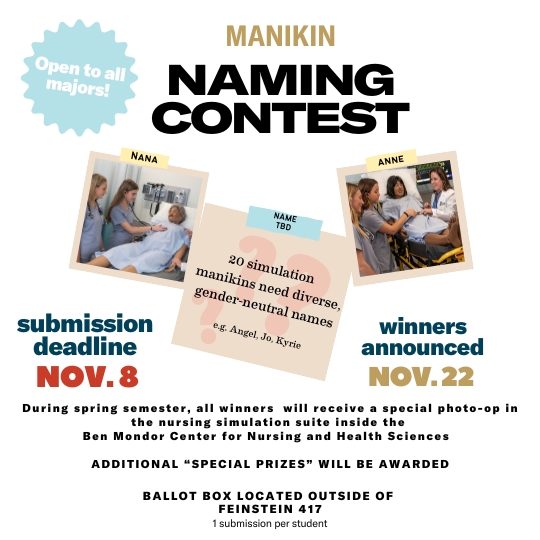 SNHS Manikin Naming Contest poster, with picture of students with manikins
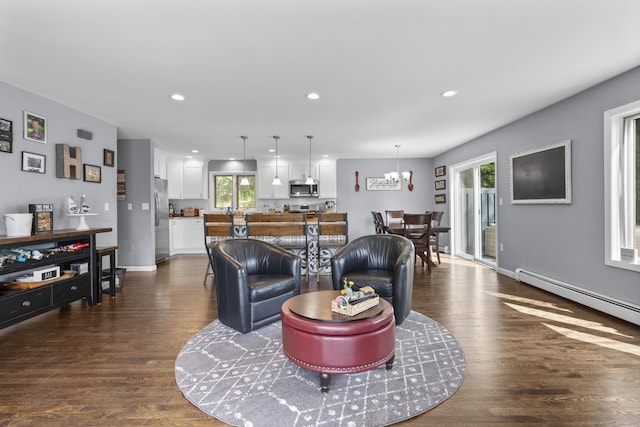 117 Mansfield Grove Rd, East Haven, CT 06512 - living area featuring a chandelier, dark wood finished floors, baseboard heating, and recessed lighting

---

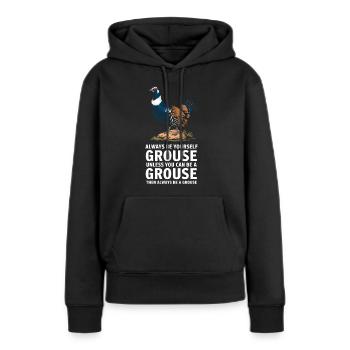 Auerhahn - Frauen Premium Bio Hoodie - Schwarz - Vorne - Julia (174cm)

• TASK TO COMPLETE: For this exercise, transcribe exactly the part of the records above that opens with the line containing "SNHS Manikin Naming" and closes with the one containing "117 Mansfield Grove". Pictures are not part of the copy.

• ANSWER TO THE PROBLEM:
 SNHS Manikin Naming Contest poster, with picture of students with manikins
 117 Mansfield Grove Rd, East Haven, CT 06512 - living area featuring a chandelier, dark wood finished floors, baseboard heating, and recessed lighting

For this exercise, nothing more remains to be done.